Explicit Data Types

https://blueprints.launchpad.net/congress/+spec/explicit-data-types

In preparation to support more policy engines in addition to the standard Congress policy engine (e.g., ones based on SQL, influxDB, or Z3), we need explicit typing of table columns in the data sources and the data service engine. This spec proposes to support explicit typing, including custom types, in an extensible, evolutionary, and backwards-compatible manner.

Problem description

Because every rule engine has limits in expressiveness and performance, there is no one-size-fits-all rule engine that works well for all use cases.
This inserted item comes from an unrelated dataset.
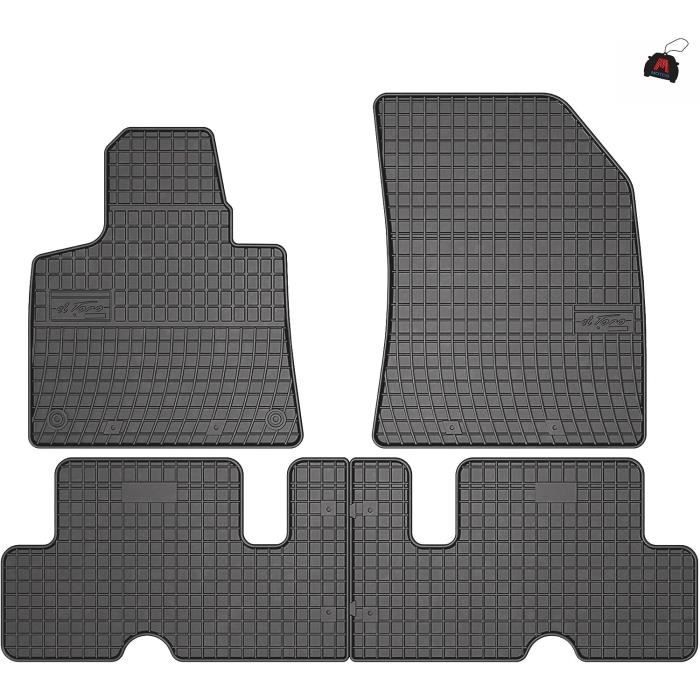 Tapis de Sol pour Citroen C4 EV 2021-2026 TPE Noir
For this reason, Congress was architected from the beginning to support multiple policy engines in addition to the standard agnostic engine.
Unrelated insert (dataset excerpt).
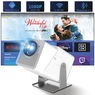 Intelligent Galaxy Mini LCD Projector, White, large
One problem is that Congress deals with untyped table columns, which conflicts with many candidate bases for policy engines (e.g., SQL, influxDB, Z3).
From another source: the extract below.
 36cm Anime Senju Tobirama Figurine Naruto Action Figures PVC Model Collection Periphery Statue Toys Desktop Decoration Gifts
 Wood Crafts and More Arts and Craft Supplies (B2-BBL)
To have an open framework in which multiple policy engines and mulitple data sources work well together, we need an explicit type system that is extensible (to fit the particular needs for different data sources and different policy engines), loosely-coupled (between different data sources and policy engines), and backwards-compatible with the standard agnostic engine and existing data source drivers.

As an illustration of the need for extensibility and loose-coupling, consider that a SMT-based Z3 prover needs types that are as narrow as possible (e.g., enum{‘ingress’, ‘egress’}), but another engine does not understand such narrow types. A data source driver then must specify its types in a way that works well for both engines.

Proposed change

Overview

The basic idea is that we let each data source driver describe its data as precisely and narrowly as practical using as combination of base types and custom types. Then each policy engine is responsible for using that information to represent the data using its internal representation. A policy engine would likely not understand every custom type used by a data source driver (especially because we expect new ones to be introduced over time). To allow a policy engine to handle custom data types it does not “understand”, we require that every custom data type inherit from another data type, all of which ultimately inherit from one of the base types all policy engines must handle. That way, when a policy engine encounters a value of a custom type it does not understand, the policy engine can fall back to handling the value according to an ancestor type the engine does understand.

What is a type?

To define what a type is in this spec, we first establish four related concepts:

  1. source representation: the representation used in the data received from an external source. Each external data source has its own source representation defined outside of Congress. In an IP address example, one source could use IPv4 dotted decimal string "1.0.0.1" while another source could use IPv6 (short) hexadecimal string "::ffff:100:1".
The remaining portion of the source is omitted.